▸ Exercise: All lines from the one that contains "Click to open Newsletter in a new tab" to the end of the data must be retyped exactly. Pictures are not retyped.

▸ Exercise data:

^^^^

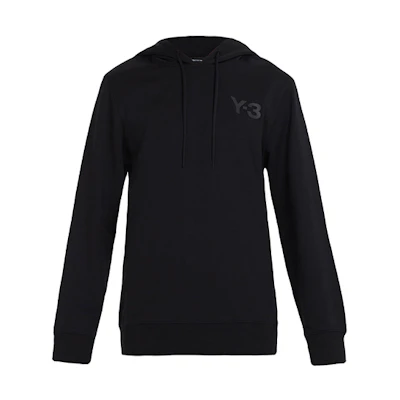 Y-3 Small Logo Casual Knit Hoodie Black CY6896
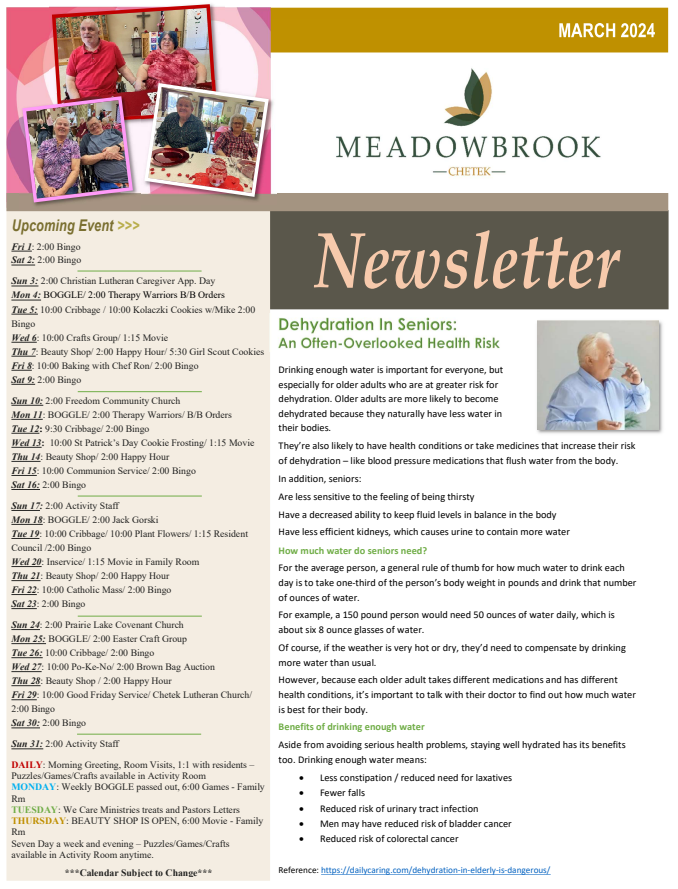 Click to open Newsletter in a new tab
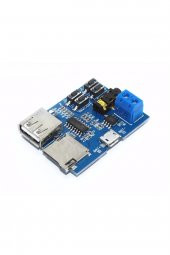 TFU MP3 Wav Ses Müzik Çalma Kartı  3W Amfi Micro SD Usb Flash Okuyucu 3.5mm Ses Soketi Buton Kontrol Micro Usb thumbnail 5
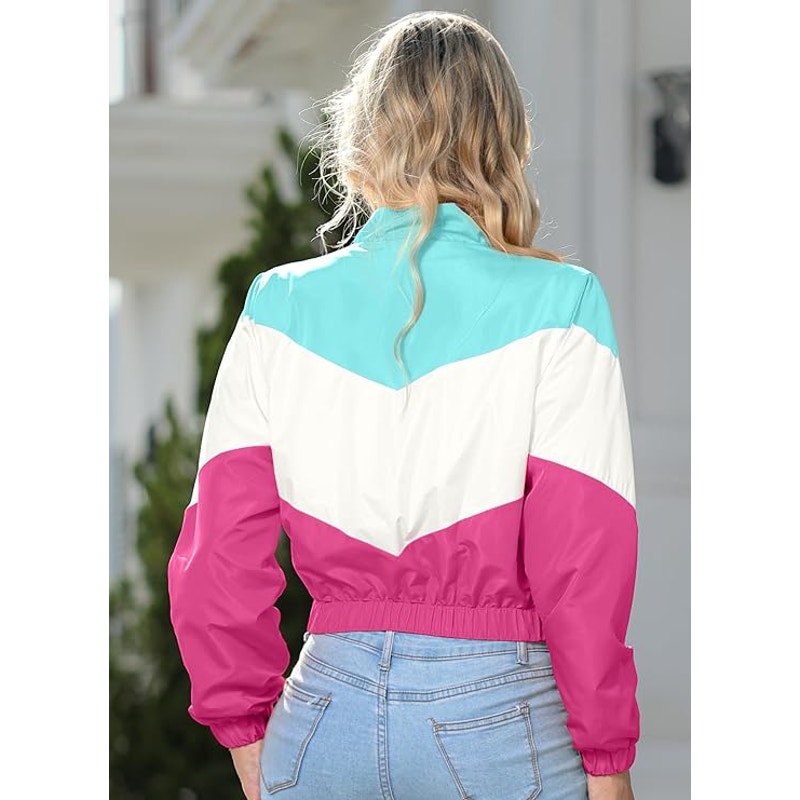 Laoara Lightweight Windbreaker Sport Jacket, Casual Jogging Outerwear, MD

^^^^

▸ Your solution:
 Click to open Newsletter in a new tab
 TFU MP3 Wav Ses Müzik Çalma Kartı  3W Amfi Micro SD Usb Flash Okuyucu 3.5mm Ses Soketi Buton Kontrol Micro Usb thumbnail 5
 Laoara Lightweight Windbreaker Sport Jacket, Casual Jogging Outerwear, MD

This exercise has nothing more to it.